(Records contained in a dataset)
┏━━
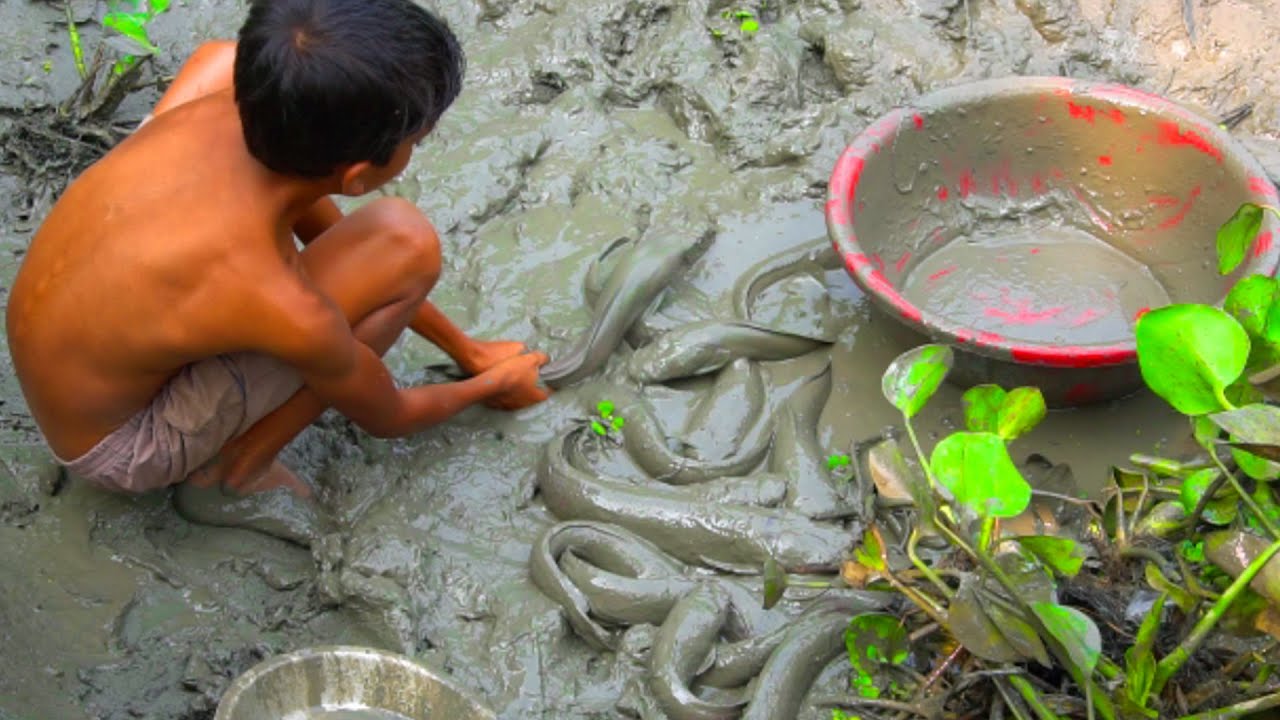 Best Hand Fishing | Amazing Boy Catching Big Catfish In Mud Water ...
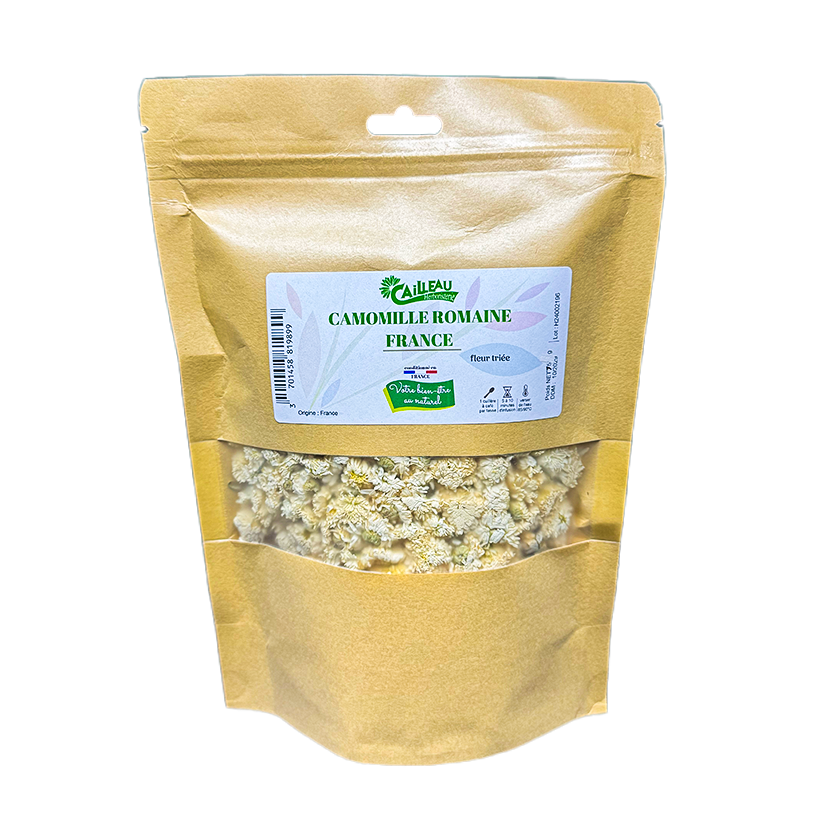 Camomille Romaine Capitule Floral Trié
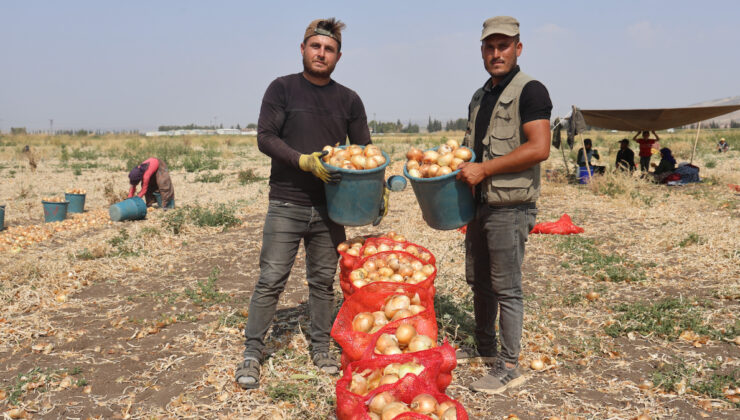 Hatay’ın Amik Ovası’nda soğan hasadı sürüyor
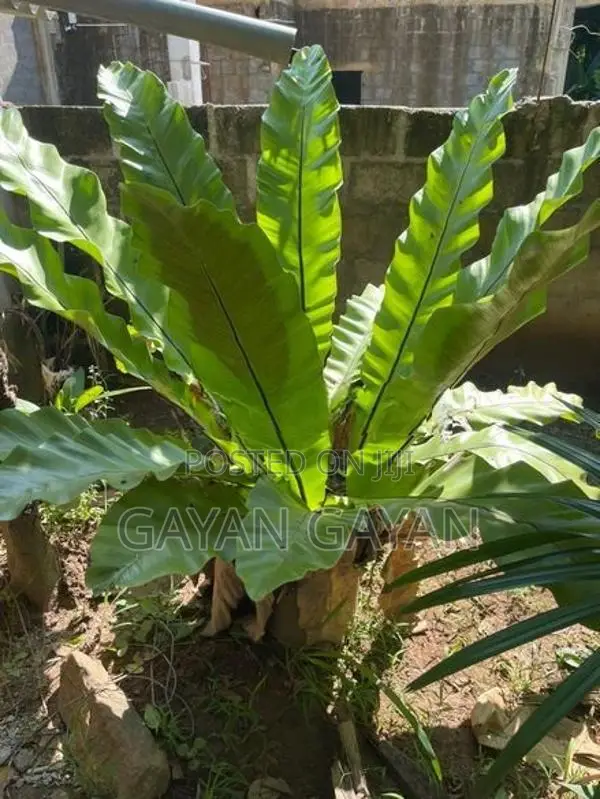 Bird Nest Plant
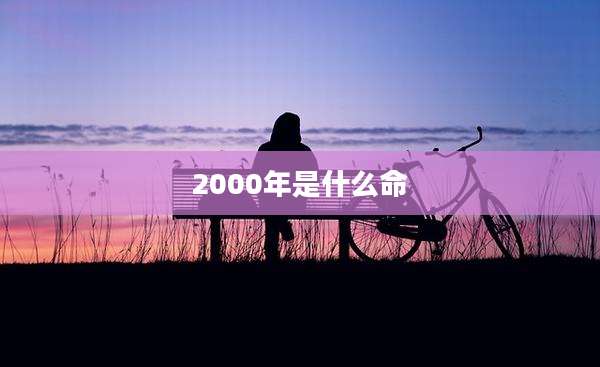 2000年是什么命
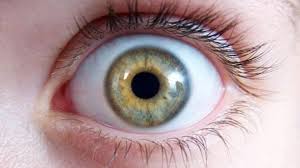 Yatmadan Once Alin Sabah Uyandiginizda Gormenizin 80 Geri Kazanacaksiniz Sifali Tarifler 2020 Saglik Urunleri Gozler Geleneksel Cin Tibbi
┗━━
Output exactly, and only, the lines running from the line containing "Hatay’ın Amik Ovası’nda soğan hasadı sürüyor" to the last line of the entries above, omitting the pictures.

 Hatay’ın Amik Ovası’nda soğan hasadı sürüyor
 Bird Nest Plant
 2000年是什么命
 Yatmadan Once Alin Sabah Uyandiginizda Gormenizin 80 Geri Kazanacaksiniz Sifali Tarifler 2020 Saglik Urunleri Gozler Geleneksel Cin Tibbi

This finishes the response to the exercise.